::: Data for the task :::
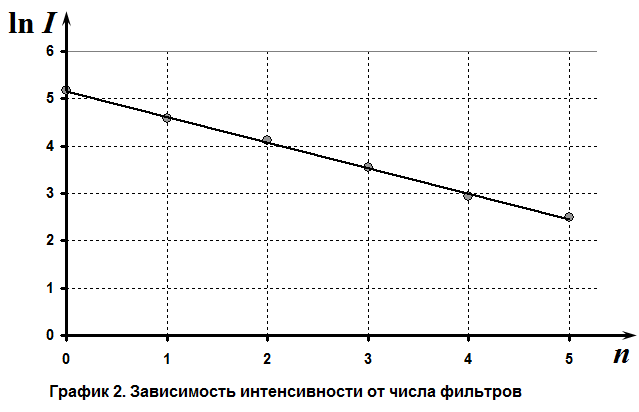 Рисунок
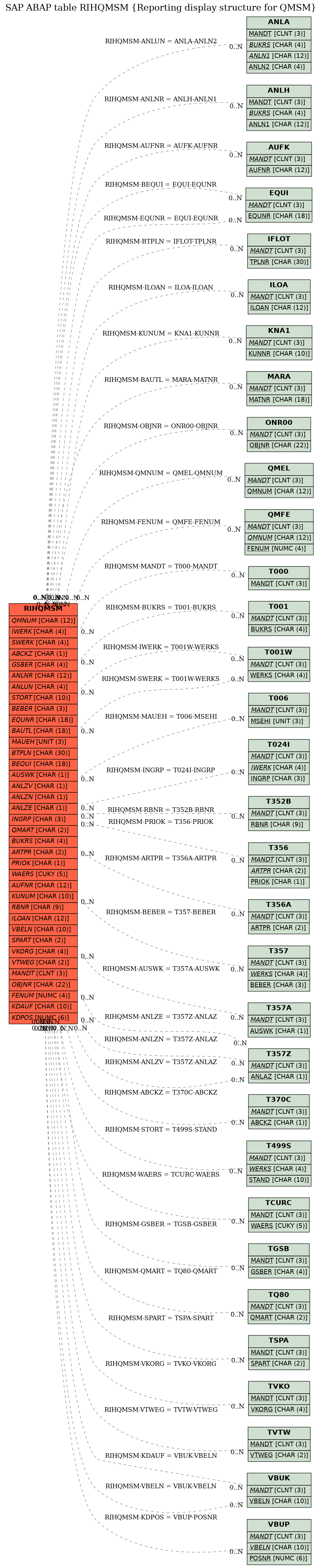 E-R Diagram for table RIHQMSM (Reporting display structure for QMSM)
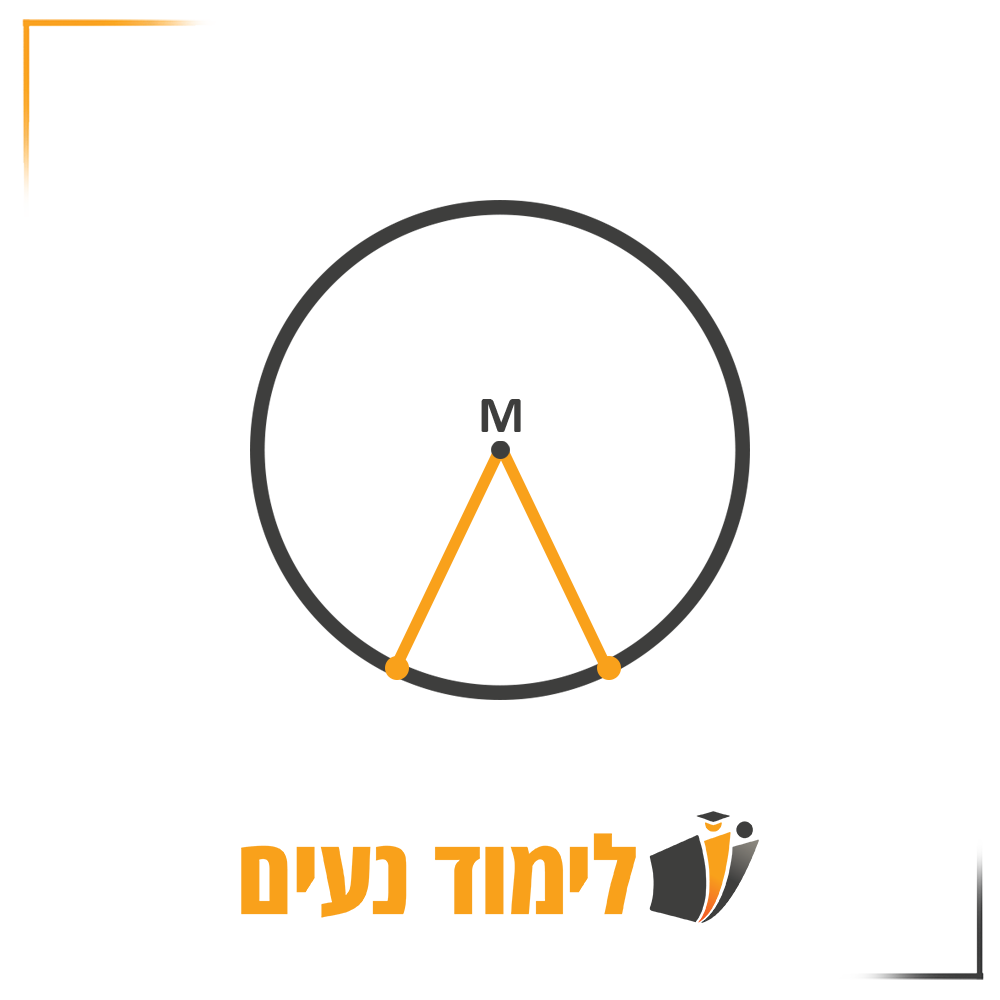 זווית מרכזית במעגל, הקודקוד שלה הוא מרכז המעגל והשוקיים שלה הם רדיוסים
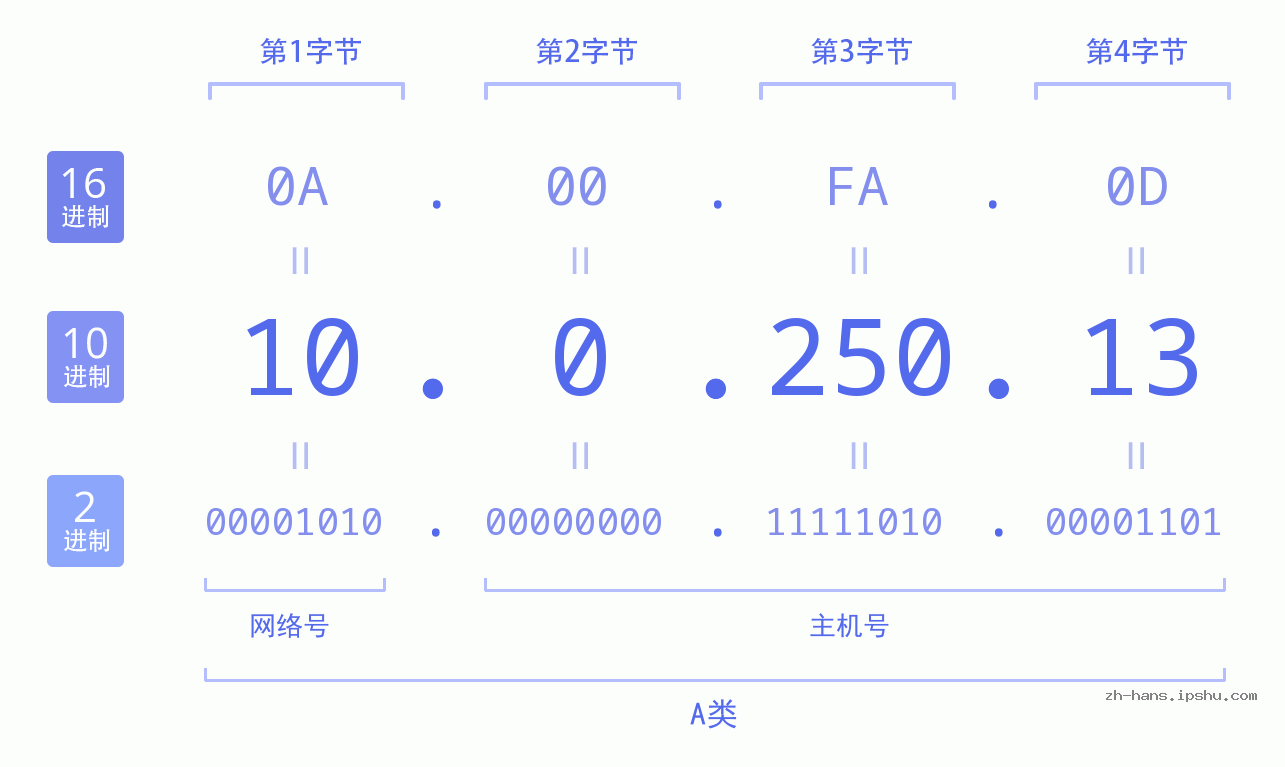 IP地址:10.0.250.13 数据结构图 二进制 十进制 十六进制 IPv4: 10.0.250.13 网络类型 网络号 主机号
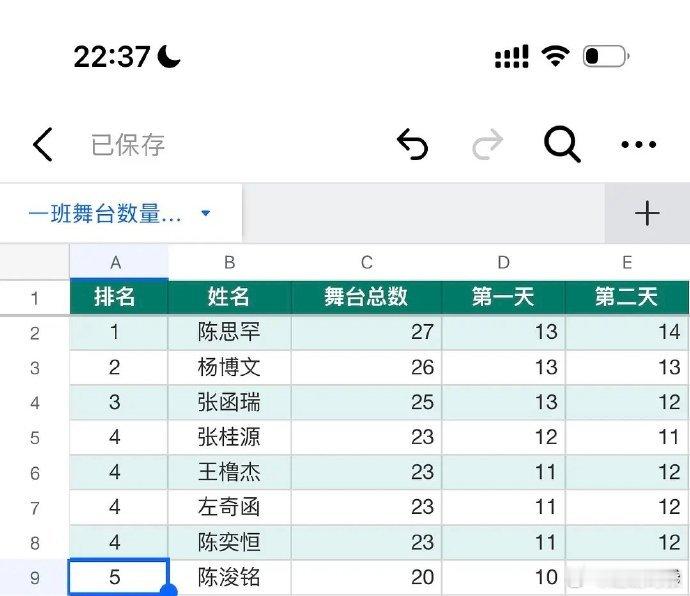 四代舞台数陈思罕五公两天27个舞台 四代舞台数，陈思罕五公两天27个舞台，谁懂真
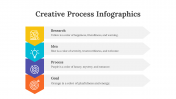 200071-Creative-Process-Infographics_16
:::
::: Data for the task :::
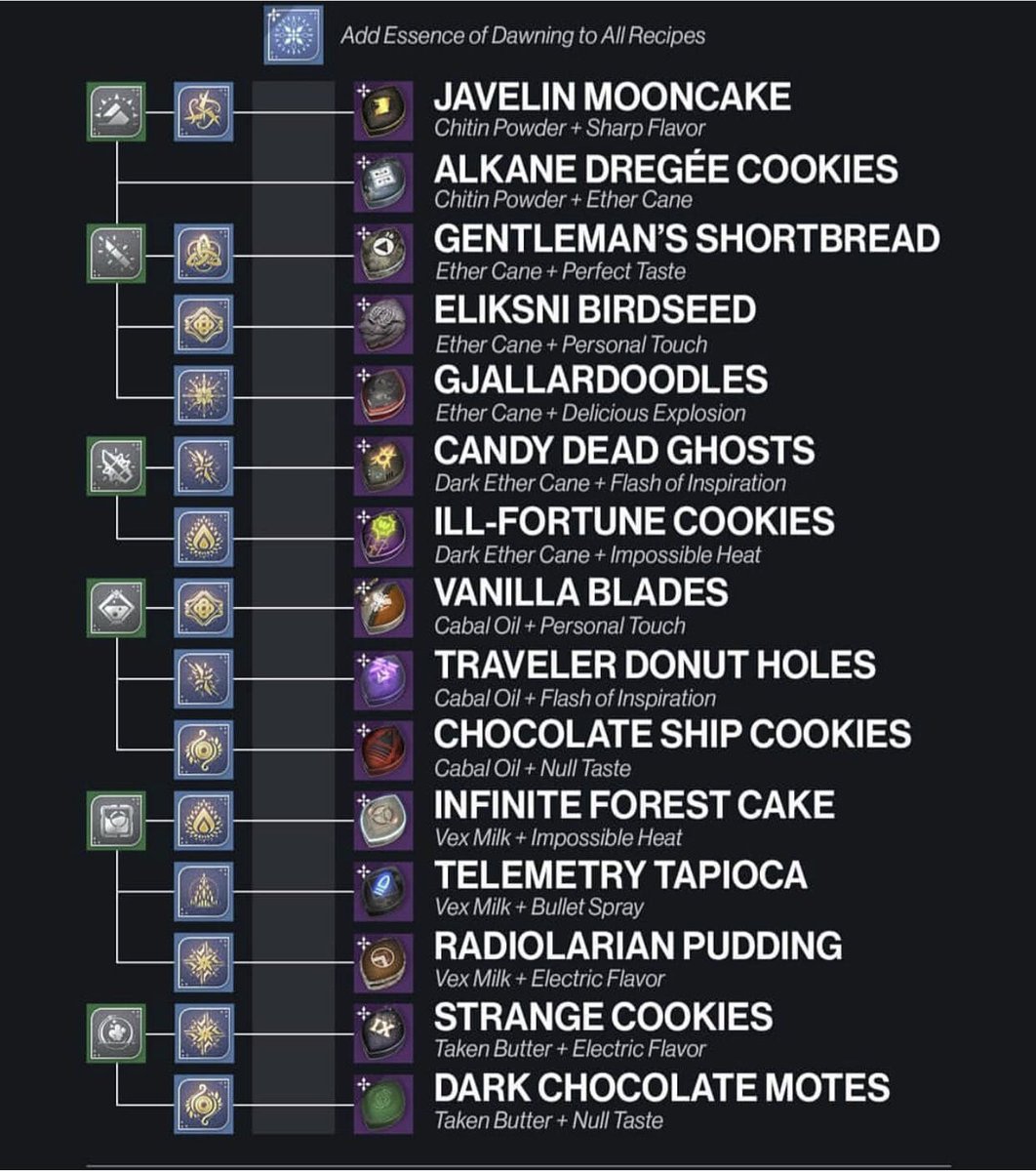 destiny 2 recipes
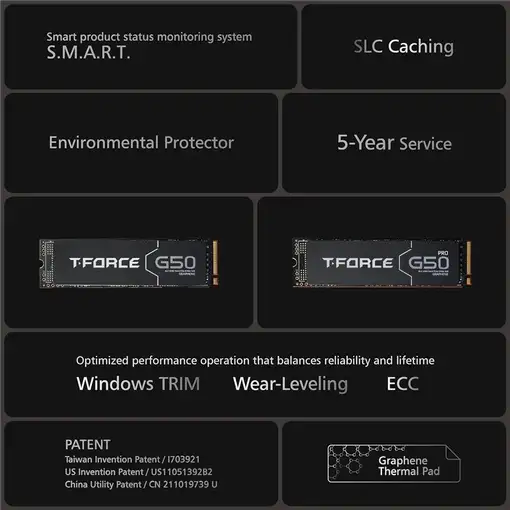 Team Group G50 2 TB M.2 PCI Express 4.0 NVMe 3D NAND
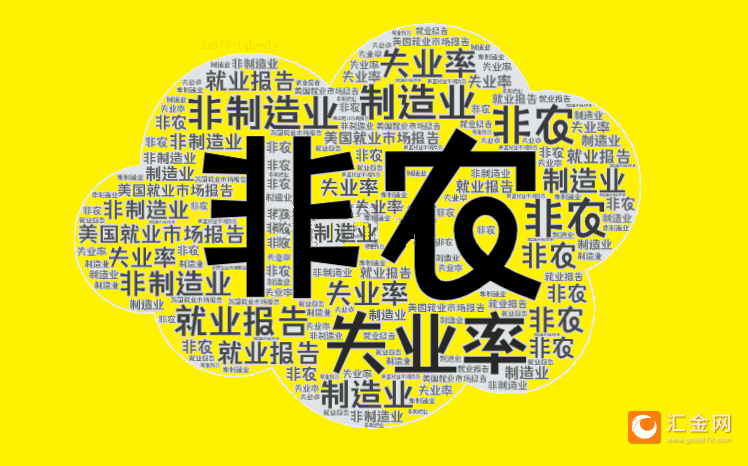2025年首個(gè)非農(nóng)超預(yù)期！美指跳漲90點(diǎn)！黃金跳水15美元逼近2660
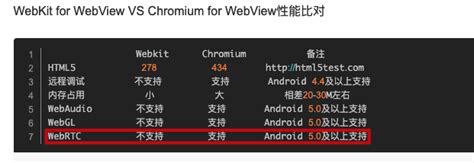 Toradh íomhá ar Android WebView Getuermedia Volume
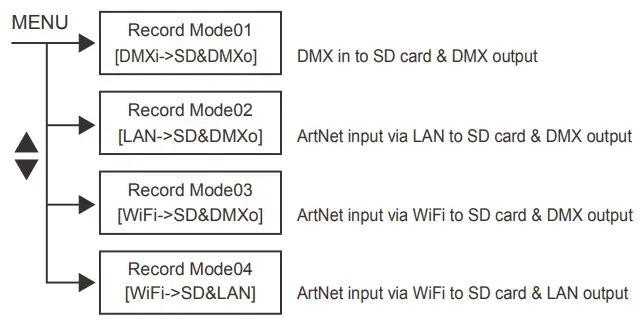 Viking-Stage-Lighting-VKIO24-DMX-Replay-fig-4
:::
::: Data for the task :::
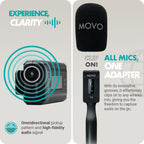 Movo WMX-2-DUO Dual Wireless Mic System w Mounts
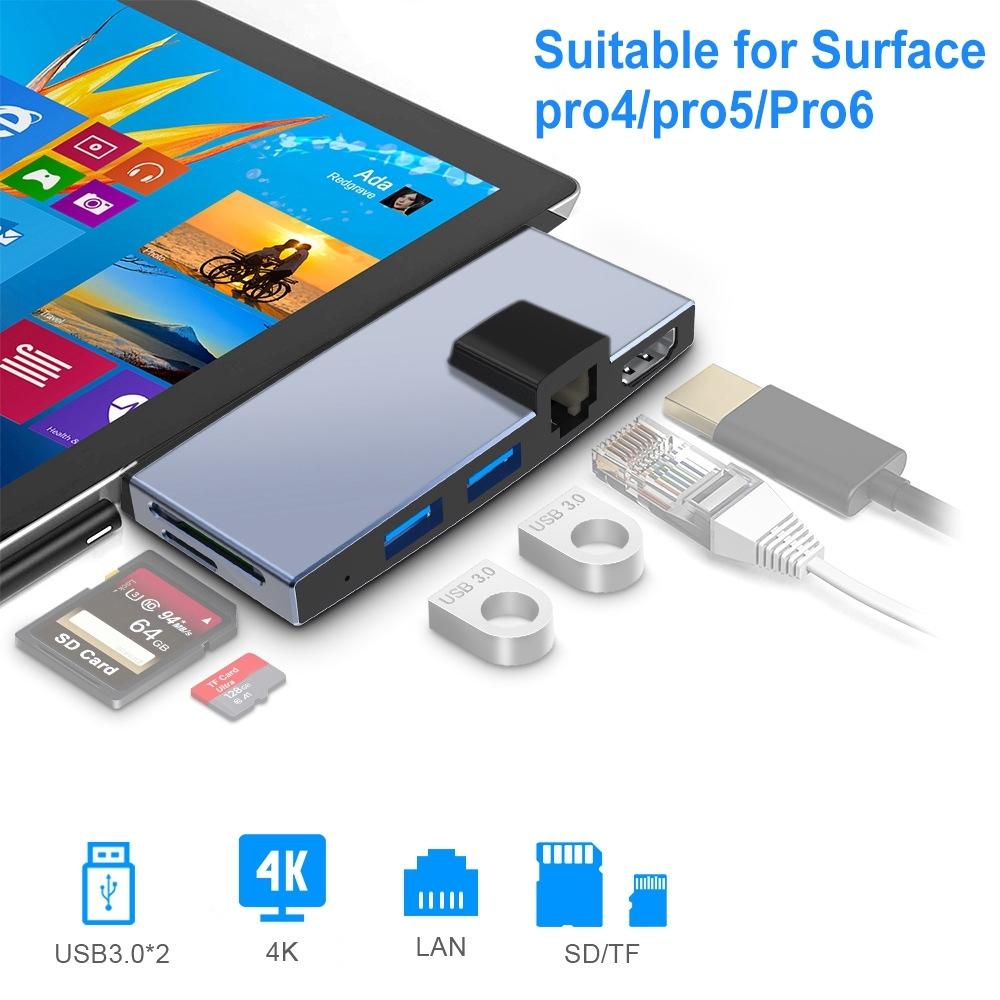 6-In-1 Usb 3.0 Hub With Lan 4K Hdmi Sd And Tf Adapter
:::
• What you need to do:
Using the listing above, repeat word for word each line from the one with "E-R Diagram for" down to the one with "200071-Creative-Process-Infographics_16", both included. Omit all pictures.

• Problem solution:
 E-R Diagram for table RIHQMSM (Reporting display structure for QMSM)
 זווית מרכזית במעגל, הקודקוד שלה הוא מרכז המעגל והשוקיים שלה הם רדיוסים
 IP地址:10.0.250.13 数据结构图 二进制 十进制 十六进制 IPv4: 10.0.250.13 网络类型 网络号 主机号
 四代舞台数陈思罕五公两天27个舞台 四代舞台数，陈思罕五公两天27个舞台，谁懂真
 200071-Creative-Process-Infographics_16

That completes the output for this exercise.